Carver - By Tom Cain Page 0,15

a shake of his head. ‘As if he could possibly appreciate cricket.’

‘Well, who cares about cricket, anyway?’ Ginger laughed, getting her own back. She smiled again at Carver, trying to make him complicit in her gentle mockery of Shafik, doing what she could to draw him again into some kind of relationship. ‘The crucial day is this coming Friday, 1 July. That’s when Zorn will formally launch his fund with a reception at the Goldsmiths’ Hall, in the heart of the City of London, for a very exclusive selection of guests – his investors, senior politicians and bankers.’

‘Including the men who want him dead?’

‘Possibly,’ she admitted.

‘And you wonder why I’m cynical?’

‘There will also be a number of figures from the media and entertainment industries,’ said Shafik. ‘Zorn is not foolish. He knows they will attract more attention than any number of middle-aged, unattractive male billionaires.’

‘But you do want Zorn to make it to his own party?’

‘Indeed not.’

Carver drank some more beer. He put the glass down and said, ‘So you’re looking for an unfortunate accident?’

‘Precisely – the tragic end to a brilliant career. And it must be visible: Zorn must be seen to die.’

‘To send a message?’

‘I’d prefer to say: to encourage any other independent operators not to be so greedy,’ Shafik suggested. ‘In any case, you can be sure that my clients will attend the funeral and send many magnificent wreaths.’

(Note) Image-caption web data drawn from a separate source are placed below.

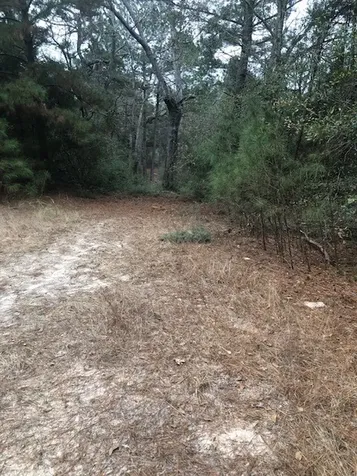 736 Private Road 1284 Road Centerville TX 75833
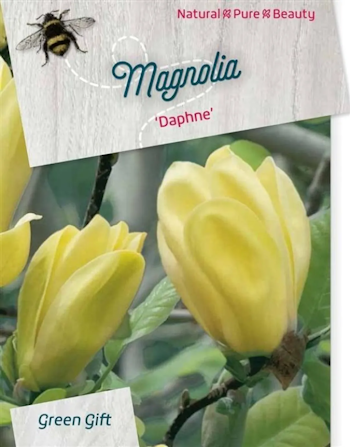 Magnolia - Daphne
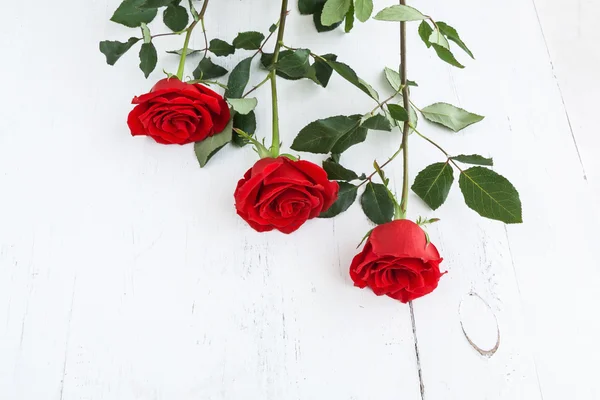 Red roses for Valentine's Day — Stock Photo, Image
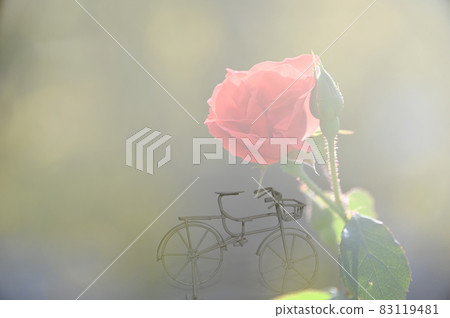 自行車和紅玫瑰 83119481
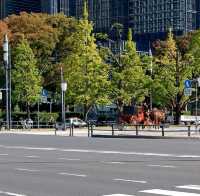 東京景點｜暢遊東京都心的綠洲—皇居外苑．千鳥之淵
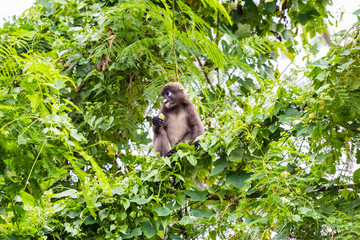 beautiful monkey in nature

‘Well, then they’d better hope I don’t decide to pay my respects as well. I don’t have any views about this Malachi Zorn one way or another. But I’m taking a serious dislike to your clients.’

8

* * *

Brick Lane, London E1

THE PACKAGE WAS addressed to Brynmor Gryffud at the office of his graphic design agency, Sharpeville Images. The company specialized in branding and website design for charities and pressure groups involved in controversial fields, such as minority and animal rights, environmental activism and anti-war campaigning. Gryffud was a tall, thickset, heavily bearded Welshman who looked and sounded as though he should be farming sheep, playing rugby and drinking a dozen pints a night – all of which he had done in his time. As he liked to tell clients in a rich, musical voice made for lyrical speeches, ‘Whatever the Daily Mail is against, that is what we are for.’

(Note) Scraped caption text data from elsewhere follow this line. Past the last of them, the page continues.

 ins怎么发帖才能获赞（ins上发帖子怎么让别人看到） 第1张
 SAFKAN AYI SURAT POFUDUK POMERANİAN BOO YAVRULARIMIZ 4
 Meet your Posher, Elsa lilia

In addition to his design work, Gryffud ran a small, but vociferous, group of his own, the Forces of Gaia. It specialized in stunts that drew attention to what Gryffud and his supporters viewed as unacceptable assaults on the environment. Inspired by the fathers’ rights campaigners, who had attracted global coverage simply by appearing at high-visibility, high-security locations such as Tower Bridge and Buckingham Palace dressed up as superheroes, Gryffud had relied on wit and imagination to make his point. His actions had given him a high profile, and even brought in new clients for his business, but he’d long since accepted that they hadn’t made a damn bit of difference to the environment.

The screensavers on his office computer were pictures he had taken of the Welsh hills where he had been raised, and to which he still returned whenever possible. Gryffud’s connection to that landscape and, through it, to the planet as a whole was part of his very soul. His certainty that man’s abuse of all the bounty that nature had bestowed on him was leading to the inevitable desecration, even destruction, of the planet caused him intense pain. Now his patience had run out. Recently, Gryffud had been listening to angrier, more radical voices. He had been persuaded that it was time for a total change of tactics.

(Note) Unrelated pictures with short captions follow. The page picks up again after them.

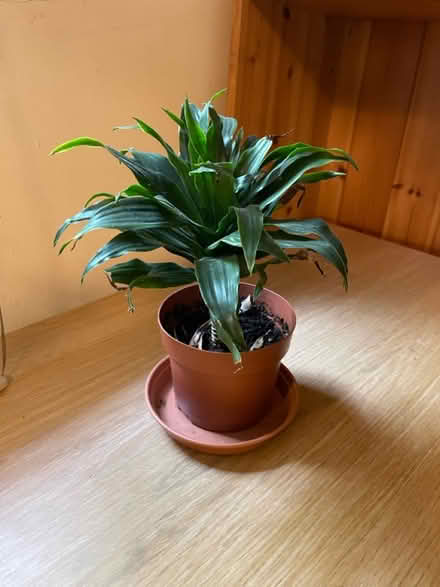 Photo of free Small plant (Salford M3) #2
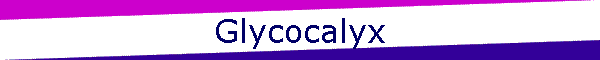 Glycocalyx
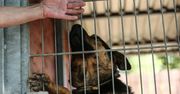 Kilkadziesiąt zaniedbanych zwierząt. Rusza proces w sprawie schroniska w Radysach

He was looking at a standard white postal packing box, 180 mm long by 100 mm wide and 50 mm deep. Inside it were four clear plastic packets, each containing ten fat marker pens, along with a delivery notice stating that each packet cost £4.99, plus £7.75 post and packaging, making a total of £27.71, paid through PayPal. Two of the packets contained blue pens, the other two red ones.

It was an everyday transaction for a company like Sharpeville Images, one that had attracted no official attention whatsoever on its way through the postal system. In the choking atmosphere of state-sanctioned paranoia that pervaded early twenty-first-century life, any phone call or email was liable to interception. But old-fashioned snail mail was a much more secure means of sending covert messages and goods: provided, of course, that the postal service was up to delivering them.